Tiba-tiba handphone-ku berdering. Terlihat nama pemanggilnya dilayar depan. Aku tercekat, itu kamu. Pertama kalinya –dan mungkin terakhir–kamu menelponku. Kuhembuskan nafas berkali-kali, mengatur suaraku, lalu mengangkatnya. Terdengar kamu menahan emosi diujung sana. Aku jelaskan maksud pesan panjangku tadi. Lalu kamu bertanya berkali-kali, seakan ingin membalik semua perkataanku, namun ternyata kamu tak mampu.
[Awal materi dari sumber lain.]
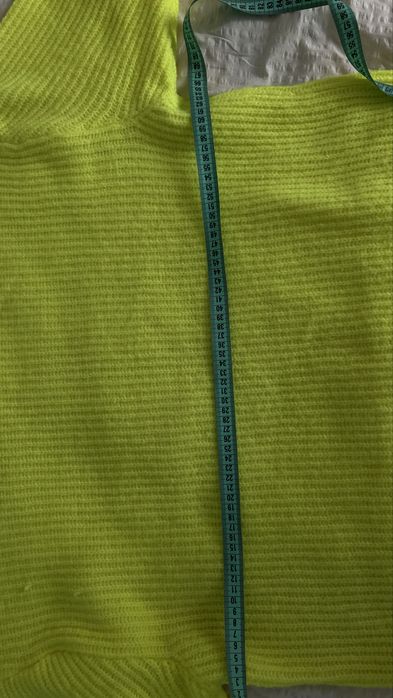 Светр Zara обʼємний. Яскравий. Розмір L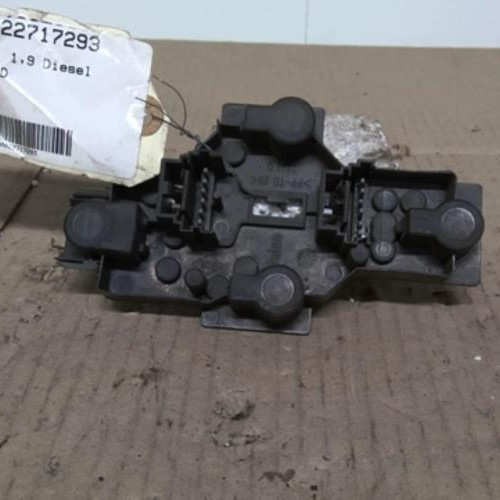 Piece-22717293-Platine-feu-arriere-droit-RENAULT-SCENIC-1-PHASE-2-1.9-DCI--8V-TURBO-e7a3a54a543804e0077072b0116081d059167798eee64d0020587499c907d49b_mtn.jpg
Aku mendengarnya, aku mendengar emosimu. Masihkah ingin pertahankanku?
Sambungan terputus. Kamu yang menutup telepon. Lalu mengirimiku pesan.
Kamu masih sayang aku?
Ya Tuhan, semestinya kamu tau, tak perlu bertanya. Bila tak menyayangimu, untuk apa aku mati-matian mengatur ucapanku didepanmu agar tak menyakitiku? Bisa saja aku langsung mengucapkan kata putus di telepon tadi, tapi aku masih memikirkan perasaanmu.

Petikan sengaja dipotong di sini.